“Is it possible that any Englishman can abandon such a glorious cause, or refuse to lay down his life in defence of this heroic Princess?”
The sentiment may be authentic, but the expression of it is modern.
The speech over, Leicester reverently held the gilt stirrup, and Elizabeth alighted from her white charger, and went into his pavilion to dinner.
Before the repast was over, Sir Edward Hoby arrived from Lord Howard. He was taken at once to the tent, that the first freshness of his news might be for the Queen’s own ears. It had taken him three weeks to reach Tilbury from Plymouth. Kneeling before the Queen, he reported that he had been sent in all haste to entreat for “more aid sent to the sea,” for Medina was known to be coming, and that quickly.
“Let him come!” was the general cry of the troops outside.
“Buenas horas, Señor!” said the royal lady within, wishing good speed to her adversary in his own tongue.

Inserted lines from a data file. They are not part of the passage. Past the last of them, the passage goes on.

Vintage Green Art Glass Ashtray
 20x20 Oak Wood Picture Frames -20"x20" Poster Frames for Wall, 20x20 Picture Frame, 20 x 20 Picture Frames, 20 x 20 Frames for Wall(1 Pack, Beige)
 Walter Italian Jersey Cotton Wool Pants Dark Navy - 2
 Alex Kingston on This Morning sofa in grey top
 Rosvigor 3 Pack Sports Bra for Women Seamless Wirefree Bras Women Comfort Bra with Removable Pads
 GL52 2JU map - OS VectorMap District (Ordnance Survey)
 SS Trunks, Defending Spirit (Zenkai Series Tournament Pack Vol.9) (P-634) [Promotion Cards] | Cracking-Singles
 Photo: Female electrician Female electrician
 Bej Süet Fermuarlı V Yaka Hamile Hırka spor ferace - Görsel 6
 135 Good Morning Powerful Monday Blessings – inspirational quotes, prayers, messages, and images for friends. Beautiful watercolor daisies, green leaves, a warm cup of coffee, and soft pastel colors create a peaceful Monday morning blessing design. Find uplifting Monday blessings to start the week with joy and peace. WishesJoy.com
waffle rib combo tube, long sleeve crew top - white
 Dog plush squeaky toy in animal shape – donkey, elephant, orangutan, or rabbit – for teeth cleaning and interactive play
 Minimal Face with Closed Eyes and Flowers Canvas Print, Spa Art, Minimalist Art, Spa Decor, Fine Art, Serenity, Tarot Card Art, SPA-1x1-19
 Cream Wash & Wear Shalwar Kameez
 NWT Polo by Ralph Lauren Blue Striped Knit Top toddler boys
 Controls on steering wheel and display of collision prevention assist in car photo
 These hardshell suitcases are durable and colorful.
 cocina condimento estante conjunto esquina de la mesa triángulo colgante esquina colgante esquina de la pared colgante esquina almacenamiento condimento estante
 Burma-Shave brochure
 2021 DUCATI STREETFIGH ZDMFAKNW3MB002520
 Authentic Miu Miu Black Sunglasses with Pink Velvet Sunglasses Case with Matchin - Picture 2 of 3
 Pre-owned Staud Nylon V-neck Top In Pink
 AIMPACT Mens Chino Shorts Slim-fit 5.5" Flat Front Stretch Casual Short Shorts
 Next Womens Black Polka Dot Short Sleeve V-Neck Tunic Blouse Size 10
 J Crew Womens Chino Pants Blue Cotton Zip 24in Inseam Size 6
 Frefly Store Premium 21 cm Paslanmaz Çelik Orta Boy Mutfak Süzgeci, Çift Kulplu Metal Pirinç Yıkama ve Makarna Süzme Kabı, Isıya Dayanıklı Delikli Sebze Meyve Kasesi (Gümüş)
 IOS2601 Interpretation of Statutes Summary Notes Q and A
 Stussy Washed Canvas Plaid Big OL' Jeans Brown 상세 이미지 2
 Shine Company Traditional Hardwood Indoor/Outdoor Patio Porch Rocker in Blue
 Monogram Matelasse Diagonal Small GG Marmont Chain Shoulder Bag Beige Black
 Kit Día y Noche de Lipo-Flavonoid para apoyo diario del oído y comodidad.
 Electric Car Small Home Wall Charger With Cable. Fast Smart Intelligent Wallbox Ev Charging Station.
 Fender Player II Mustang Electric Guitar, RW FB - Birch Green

And both meant the same thing,—“We are ready.”
It was England against the world. She had no ally, except the sixty Dutch ships. And except, too, One who was invisible, but whom the winds and the sea obeyed.
The aid required by Lord Howard came: not from Elizabeth, but from England. Volunteers poured in from every shire,—men in velvet gowns and gold chains, men in frieze jackets and leather jerkins. The “delicate-handed, dilettante” Earl of Oxford; the “Wizard” Earl of Northumberland, just come to his title; the eccentric Earl George of Cumberland; Sir Thomas Cecil, elder son of the Lord High Treasurer Burleigh,—weak-headed, but true-hearted; Sir Robert Cecil, his younger brother,—strong-headed and false-hearted; and lastly, a host in himself, Sir Walter Raleigh, whose fine head and, great heart few of his contemporaries appreciated at their true value,—and perhaps least of all the royal lady whom he served. These men came in one by one.
But the leather jerkins flocked in by hundreds; the men who were of no account, whose names nobody cared to preserve, whose deeds nobody thought of recording; yet who, after all, were England, and without whom their betters would have made very poor head against the Armada. They came, leaving their farms untilled, their forges cold, their axes and hammers still. All that could wait till afterwards. Just now, England must be saved.